De acordo com o tenente, a casa de três andares servia de ponto de venda de drogas. “Quando chegamos ao local identificamos um homem não identificado que estava no andar de cima, com uma arma apontada em direção da viatura da polícia. Por pouco não aconteceu um tiroteio”, disse Alberto. Em média, 40 pontos de drogas ou ‘bocas de fumo’ são desarticulados por mês na capital.

Saiba mais

A Força Tática atua no apoio ao combate e saturação de pontos de drogas, roubos e assaltos. De acordo com informações do 1º Batalhão de Companhia de Força Tática, sete equipes atuam nos finais de semana. Um kit tático serve de suporte. São munições menos letais e de borracha, granadas de gás lacrimogêneo, de luz e som e feito moral, além de escudos e capacetes. O batalhão conta com 140 policiais integrados a Força Tática. De acordo com o Batalhão, as equipes da Força Tática também são destacadas para municípios vizinhos onde há em situação de conflito e operações.

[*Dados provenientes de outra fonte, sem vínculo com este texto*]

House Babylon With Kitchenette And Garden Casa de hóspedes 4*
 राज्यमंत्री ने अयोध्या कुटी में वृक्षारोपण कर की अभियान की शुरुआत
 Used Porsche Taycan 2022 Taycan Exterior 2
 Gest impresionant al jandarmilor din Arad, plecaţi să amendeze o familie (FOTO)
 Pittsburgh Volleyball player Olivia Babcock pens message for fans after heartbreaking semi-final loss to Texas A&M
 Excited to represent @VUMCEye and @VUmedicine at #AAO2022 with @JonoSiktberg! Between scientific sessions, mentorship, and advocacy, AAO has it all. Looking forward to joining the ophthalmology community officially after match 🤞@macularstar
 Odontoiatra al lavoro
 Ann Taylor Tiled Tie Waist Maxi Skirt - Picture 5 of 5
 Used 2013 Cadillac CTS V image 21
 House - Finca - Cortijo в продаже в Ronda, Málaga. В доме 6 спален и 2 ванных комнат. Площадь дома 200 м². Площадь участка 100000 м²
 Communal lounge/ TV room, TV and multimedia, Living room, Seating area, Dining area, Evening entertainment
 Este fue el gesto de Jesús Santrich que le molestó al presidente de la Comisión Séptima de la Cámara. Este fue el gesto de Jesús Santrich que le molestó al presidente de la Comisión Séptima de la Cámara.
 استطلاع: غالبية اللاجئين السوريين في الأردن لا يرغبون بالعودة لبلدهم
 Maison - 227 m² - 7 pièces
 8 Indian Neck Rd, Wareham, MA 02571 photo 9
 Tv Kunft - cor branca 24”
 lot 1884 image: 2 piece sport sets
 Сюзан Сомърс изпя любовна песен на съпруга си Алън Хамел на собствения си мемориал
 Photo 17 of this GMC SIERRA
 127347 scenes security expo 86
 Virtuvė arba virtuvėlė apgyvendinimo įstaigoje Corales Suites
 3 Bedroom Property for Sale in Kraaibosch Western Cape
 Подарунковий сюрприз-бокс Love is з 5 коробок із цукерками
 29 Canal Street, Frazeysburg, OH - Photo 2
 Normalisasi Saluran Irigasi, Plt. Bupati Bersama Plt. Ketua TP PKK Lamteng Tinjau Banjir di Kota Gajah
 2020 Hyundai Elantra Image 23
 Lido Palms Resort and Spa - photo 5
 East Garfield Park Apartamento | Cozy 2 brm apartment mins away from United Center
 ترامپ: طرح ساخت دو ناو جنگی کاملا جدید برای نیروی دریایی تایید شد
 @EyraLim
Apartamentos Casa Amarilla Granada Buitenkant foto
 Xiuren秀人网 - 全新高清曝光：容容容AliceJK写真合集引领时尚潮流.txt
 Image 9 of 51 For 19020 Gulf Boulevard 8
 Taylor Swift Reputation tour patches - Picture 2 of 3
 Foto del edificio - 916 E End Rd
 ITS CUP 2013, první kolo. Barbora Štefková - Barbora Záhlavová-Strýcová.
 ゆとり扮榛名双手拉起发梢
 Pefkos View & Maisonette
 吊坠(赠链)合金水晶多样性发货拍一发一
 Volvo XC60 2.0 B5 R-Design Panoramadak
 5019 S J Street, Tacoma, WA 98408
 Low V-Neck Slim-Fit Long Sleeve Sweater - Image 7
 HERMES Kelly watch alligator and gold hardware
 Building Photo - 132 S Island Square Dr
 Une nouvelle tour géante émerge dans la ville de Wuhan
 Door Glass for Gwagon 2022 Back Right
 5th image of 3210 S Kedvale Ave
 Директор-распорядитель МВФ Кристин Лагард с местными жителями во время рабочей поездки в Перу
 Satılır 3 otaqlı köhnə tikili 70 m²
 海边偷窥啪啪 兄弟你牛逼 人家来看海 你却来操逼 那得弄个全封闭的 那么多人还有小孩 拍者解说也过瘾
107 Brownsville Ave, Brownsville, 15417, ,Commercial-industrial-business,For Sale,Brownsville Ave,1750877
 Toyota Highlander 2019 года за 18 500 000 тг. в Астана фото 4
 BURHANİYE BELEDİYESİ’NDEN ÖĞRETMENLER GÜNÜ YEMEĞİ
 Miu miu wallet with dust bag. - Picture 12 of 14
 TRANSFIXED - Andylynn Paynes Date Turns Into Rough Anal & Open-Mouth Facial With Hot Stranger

Combate ao tráfico é a prioridade

O comandante do Comando de Policiamento Metropolitano, tenente-coronel Andrade Gouvêa, destacou que o objetivo das ações e prisões é combater a comercialização de drogas feitas em residências que são conhecidas popularmente como “bocas de fumo”, onde são comercializados os entorpecentes, prática que acabam revoltando a população.

De acordo com Andrade Gouvêa, as equipes atuam com ações de repressão em áreas de risco, em razão disso há um trabalho feito com bastante cautela. “São policiais altamente capacitados para atuar neste tipo de situação, por isso contamos com a ajuda de informações que partem da população, para que vidas de civis e militares não corram perigo”, comentou.